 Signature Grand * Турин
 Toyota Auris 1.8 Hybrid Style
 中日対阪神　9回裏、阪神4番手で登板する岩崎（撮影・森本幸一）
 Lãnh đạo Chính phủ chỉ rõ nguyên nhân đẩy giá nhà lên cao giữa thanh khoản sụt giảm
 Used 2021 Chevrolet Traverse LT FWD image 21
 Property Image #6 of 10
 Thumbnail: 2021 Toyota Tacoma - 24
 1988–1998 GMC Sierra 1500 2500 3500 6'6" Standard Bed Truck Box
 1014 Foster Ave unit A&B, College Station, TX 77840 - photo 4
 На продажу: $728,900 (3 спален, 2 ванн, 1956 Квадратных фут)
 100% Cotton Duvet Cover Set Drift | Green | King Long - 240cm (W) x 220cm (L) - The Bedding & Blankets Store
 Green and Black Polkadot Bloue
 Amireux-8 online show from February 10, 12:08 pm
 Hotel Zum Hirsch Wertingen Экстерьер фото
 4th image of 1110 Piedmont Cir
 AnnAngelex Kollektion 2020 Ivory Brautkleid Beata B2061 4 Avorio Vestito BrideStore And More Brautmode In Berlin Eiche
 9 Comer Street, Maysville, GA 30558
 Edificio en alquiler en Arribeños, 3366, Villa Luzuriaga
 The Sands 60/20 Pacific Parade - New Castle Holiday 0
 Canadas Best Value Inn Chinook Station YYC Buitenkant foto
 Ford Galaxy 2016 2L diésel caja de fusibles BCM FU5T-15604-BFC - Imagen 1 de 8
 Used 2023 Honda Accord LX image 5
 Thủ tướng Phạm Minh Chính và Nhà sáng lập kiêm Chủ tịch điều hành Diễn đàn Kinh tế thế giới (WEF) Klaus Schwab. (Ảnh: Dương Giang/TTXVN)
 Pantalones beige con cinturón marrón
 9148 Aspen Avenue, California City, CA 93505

◇ ◇ ◇ ◇

Instructions to follow ▸
Write down again the exact lines running from the beginning of the data to the line containing "100% Cotton Duvet", with both ends included.

The completed task ▸
 Signature Grand * Турин
 Toyota Auris 1.8 Hybrid Style
 中日対阪神　9回裏、阪神4番手で登板する岩崎（撮影・森本幸一）
 Lãnh đạo Chính phủ chỉ rõ nguyên nhân đẩy giá nhà lên cao giữa thanh khoản sụt giảm
 Used 2021 Chevrolet Traverse LT FWD image 21
 Property Image #6 of 10
 Thumbnail: 2021 Toyota Tacoma - 24
 1988–1998 GMC Sierra 1500 2500 3500 6'6" Standard Bed Truck Box
 1014 Foster Ave unit A&B, College Station, TX 77840 - photo 4
 На продажу: $728,900 (3 спален, 2 ванн, 1956 Квадратных фут)
 100% Cotton Duvet Cover Set Drift | Green | King Long - 240cm (W) x 220cm (L) - The Bedding & Blankets Store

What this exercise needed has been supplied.